But Ecto.Multi still doesn’t execute multiple statements in one request, right? I meant something like this:

select * from users where name = 'bob';
select * from users where name = 'alice';
# ... and so on

That is, sending multiple (semicolon-separated) SQL statements in one round-trip to the server. Obviously there are ways you could constrain this particular example into one statement, but there are cases where that gets messy (if the queries were more complicated).

I am not aware of any way to do this with Ecto short of dropping down to raw SQL, and even then I’m not sure if multiple result sets are supported. TBH I had some trouble determining if Postgres even supports them, though I did not look that hard.

FDB is a little different than an SQL database because the idea is you’re supposed to write the high-level query planner stuff as a stateless client to the underlying datastore, so unlike with SQL we need to think a bit harder about round-trips. The batching is also difficult because there are actually many servers and choosing which ones to send the requests to is a little more complicated than you might think, plus you might want to make requests to multiple servers concurrently to save latency.

But in a parallel universe where things went differently, you might expect a syntax like this:

query1 = one(from u in Users, where: u.name == 'alice')
query2 = one(from u in Users, where: u.name == 'bob')
{alice, bob} = Repo.execute({query1, query2})

And as you can see this is essentially what @jstimps has ended up with, except he has to fight Ecto a bit to do it because it was not designed for this.

Schultzer · July 13, 2025, 7:09pm

Myxql supports multiple results Ecto.Adapters.SQL — Ecto SQL v3.13.2, but yeah you would have to write SQL, my memory might be off, but I could swear that the transaction would happen in one go. If not then theres another limitation to Ecto I wasn’t aware of.

josevalim · July 13, 2025, 7:39pm

Exactly.

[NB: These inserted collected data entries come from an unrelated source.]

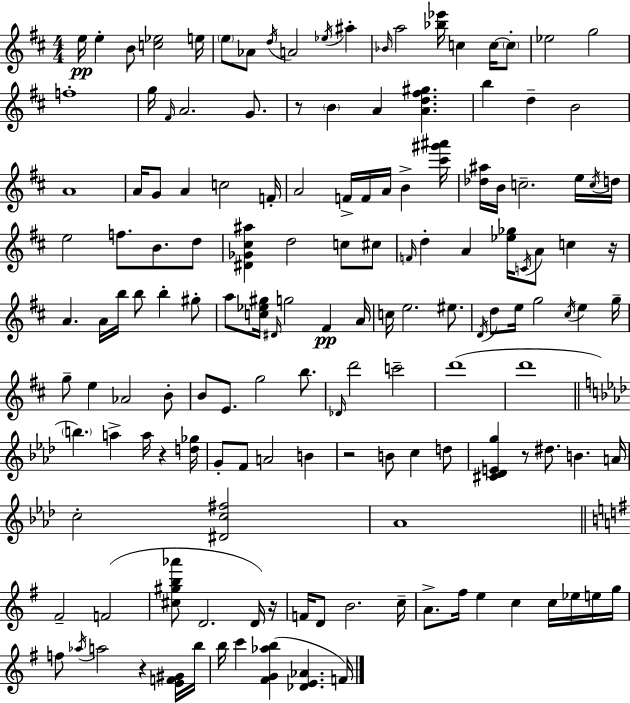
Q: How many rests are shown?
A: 7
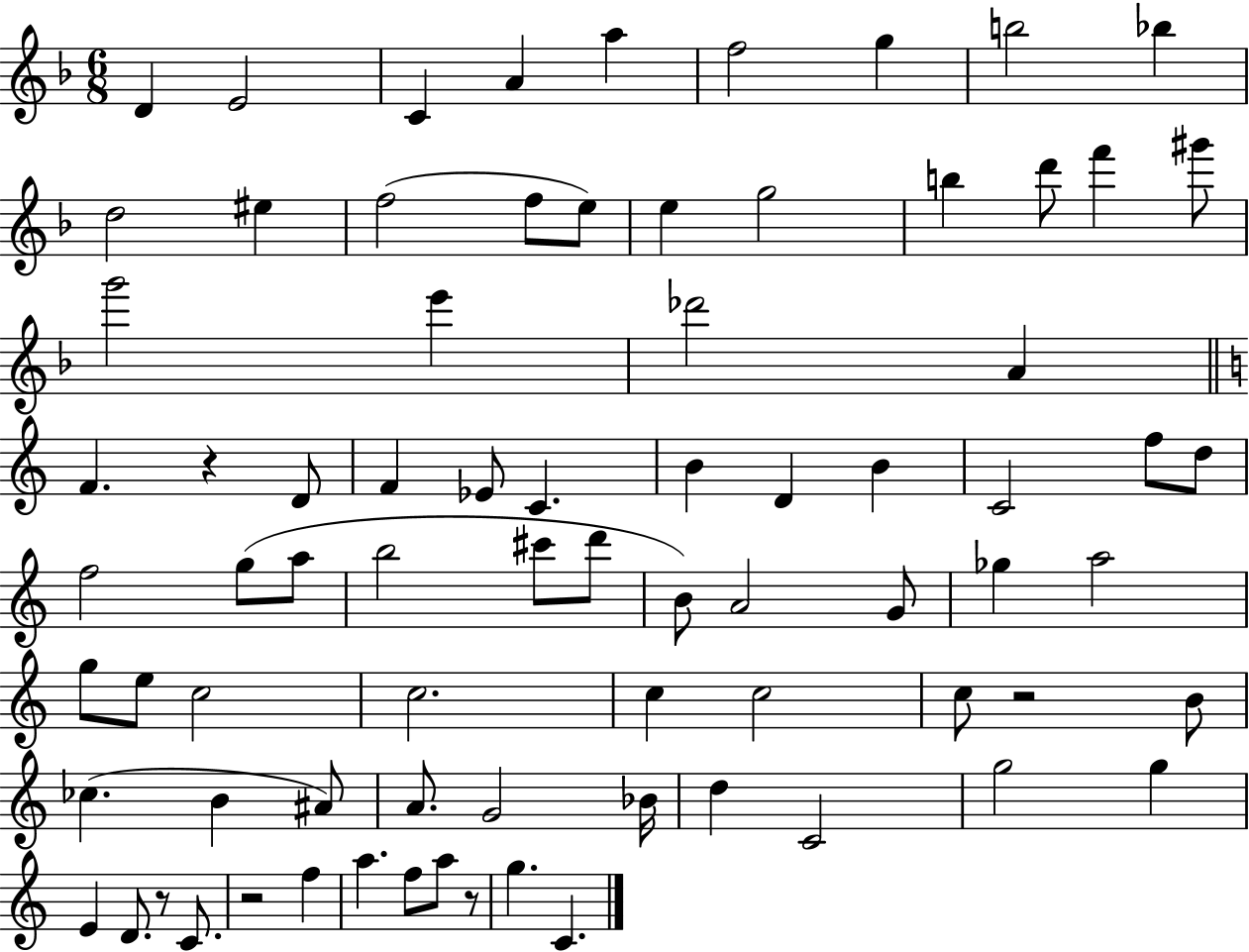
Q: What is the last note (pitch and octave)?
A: C4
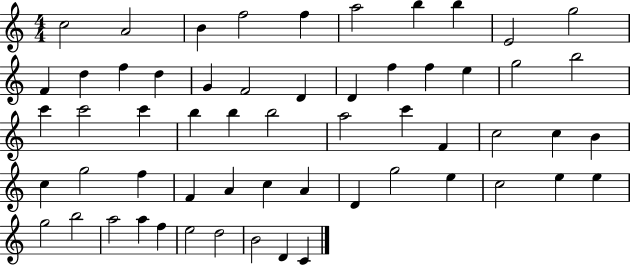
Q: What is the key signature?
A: C major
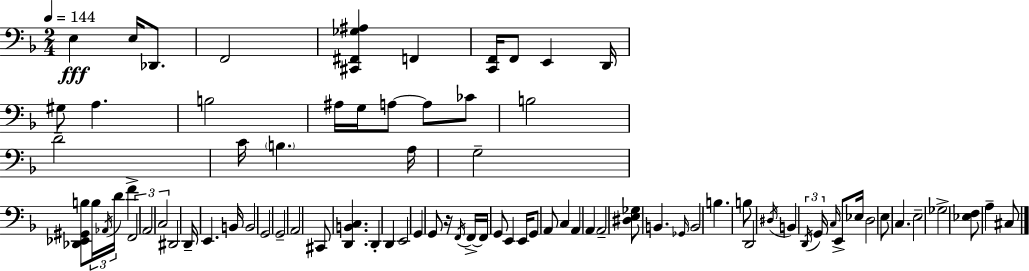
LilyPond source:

{
  \clef bass
  \numericTimeSignature
  \time 2/4
  \key d \minor
  \tempo 4 = 144
  e4\fff e16 des,8. | f,2 | <cis, fis, ges ais>4 f,4 | <c, f,>16 f,8 e,4 d,16 | \break gis8 a4. | b2 | ais16 g16 a8~~ a8 ces'8 | b2 | \break d'2-- | c'16 \parenthesize b4. a16 | g2-- | <des, ees, gis, b>8 \tuplet 3/2 { b16 \acciaccatura { aes,16 } d'16 } f'4-> | \break \tuplet 3/2 { f,2 | a,2 | c2 } | dis,2 | \break d,16-- e,4. | b,16 b,2 | g,2 | g,2-- | \break a,2 | cis,8 <d, b, c>4. | d,4-. d,4 | e,2 | \break g,4 g,8 r16 | \acciaccatura { f,16 } f,16->~~ f,16 g,8 e,4 | e,16 g,8 a,8 c4 | a,4 a,4 | \break a,2-- | <dis e ges>8 b,4. | \grace { ges,16 } b,2 | b4. | \break b8 d,2 | \acciaccatura { dis16 } b,4 | \tuplet 3/2 { \acciaccatura { d,16 } g,16 \grace { c16 } } e,8-> ees16 d2 | e8 | \break c4. e2-- | ges2-> | <ees f>8 | a4-- cis8 \bar "|."
}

Ecto doesn’t support it through its API but it does have Repo.query where the adapter can do what it wants (including multiple queries). This is a feature we could add at the high level API if required though and contributions are welcome.

jstimps · August 24, 2025, 2:21am

Hi folks,

An update that’s not strictly EctoFDB related – I converted (/copied) the official FoundationDB Class Scheduling Tutorial to an Elixir-focused Livebook:

In the tutorial, we develop a simple data layer (using key-values in subspaces) that an application could use to sign up students for classes and drop those classes, adding some interesting business logic along the way.

The tutorial could be useful for anyone who wants to

Get started with :erlfdb itself
Understand the essentials of the EctoFDB implementation, which takes these same ideas and fits them to a subset of the Ecto abstractions

garrison · August 24, 2025, 4:10pm

Nice guide! Reading through it reminded me of something.

I had been considering for some time whether it would be a good idea to make the tuple encodings “follow” Erlang term order. Not exactly, but closer than the FDB tuples. The first step would be to rearrange the typecodes to match term order, which is easy enough.

But the problem is that Erlang tuples are sorted length-first rather than lexicographically, which is very bad behavior for something like FDB. However, during a conversation with @Asd in the Bedrock thread I realized that if you just avoid tuples and use lists instead you don’t have this problem because lists are ordered correctly (by their elements). Which makes perfect sense, because computing the length of a list would be very expensive. (It remains a mystery why tuples are compared in such an unhelpful manner, though.)

The irony is that I was implementing tuple encodings a couple of weeks ago following the :erlfdb_tuple implementation (out of laziness) and I noticed that the encoder/decoder uses lists internally and converts from/to tuples at the start/end, which makes perfect sense because you want to build up the list incrementally as you parse. And I thought “why bother, the lists will generally be short anyway”, so I just used lists in the API instead of tuples.

So as it turns out, I have actually already done this. By accident!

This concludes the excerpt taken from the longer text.